_Provided data:_
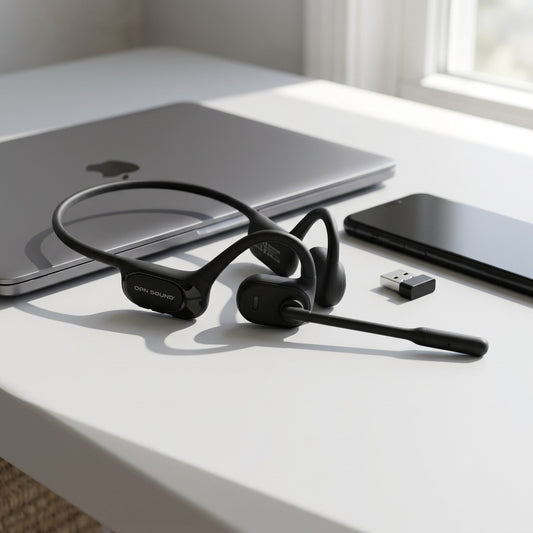 Black OPN Sound Chat Pro open-ear headset with boom mic, dongle, laptop, and phone on a white desk.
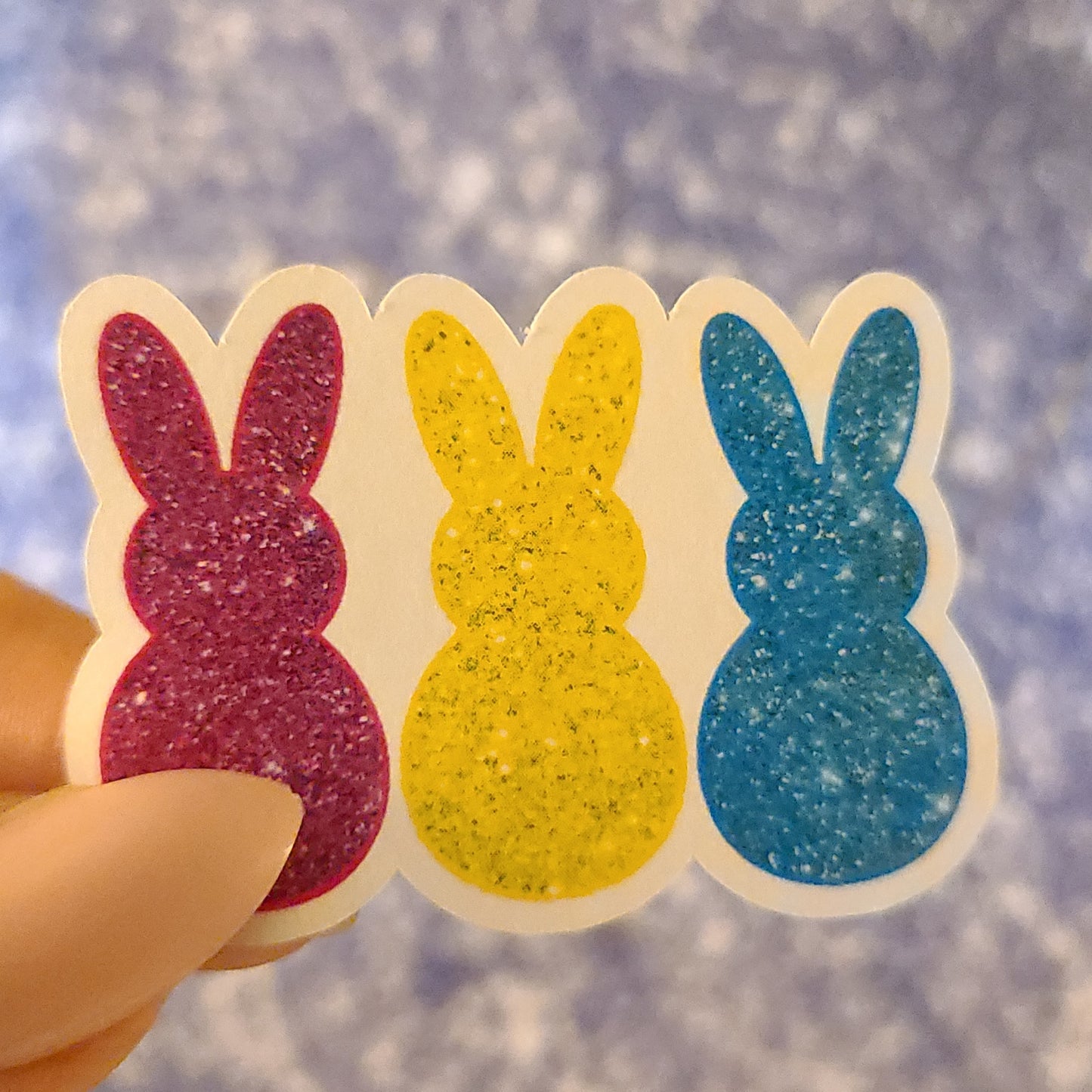 Easter Trio of Glitter Printed Bunnies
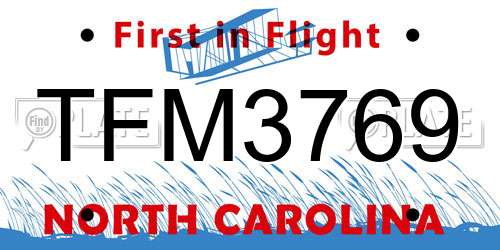 TFM3769 North Carolina License Plate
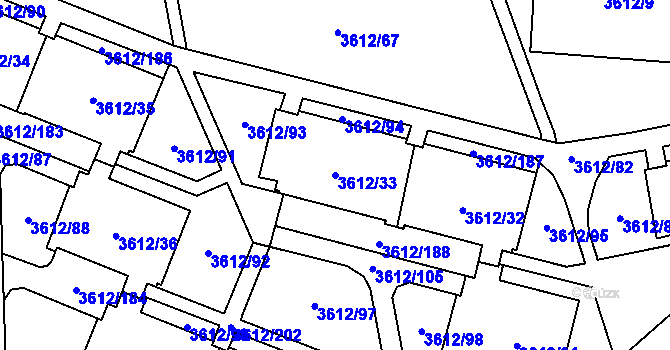 Parcela st. 3612/33 v KÚ Řečkovice, Katastrální mapa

_Problem to solve:_
Give back the listing exactly, without a single picture.

_Solution below:_
 Black OPN Sound Chat Pro open-ear headset with boom mic, dongle, laptop, and phone on a white desk.
 Easter Trio of Glitter Printed Bunnies
 TFM3769 North Carolina License Plate
 Parcela st. 3612/33 v KÚ Řečkovice, Katastrální mapa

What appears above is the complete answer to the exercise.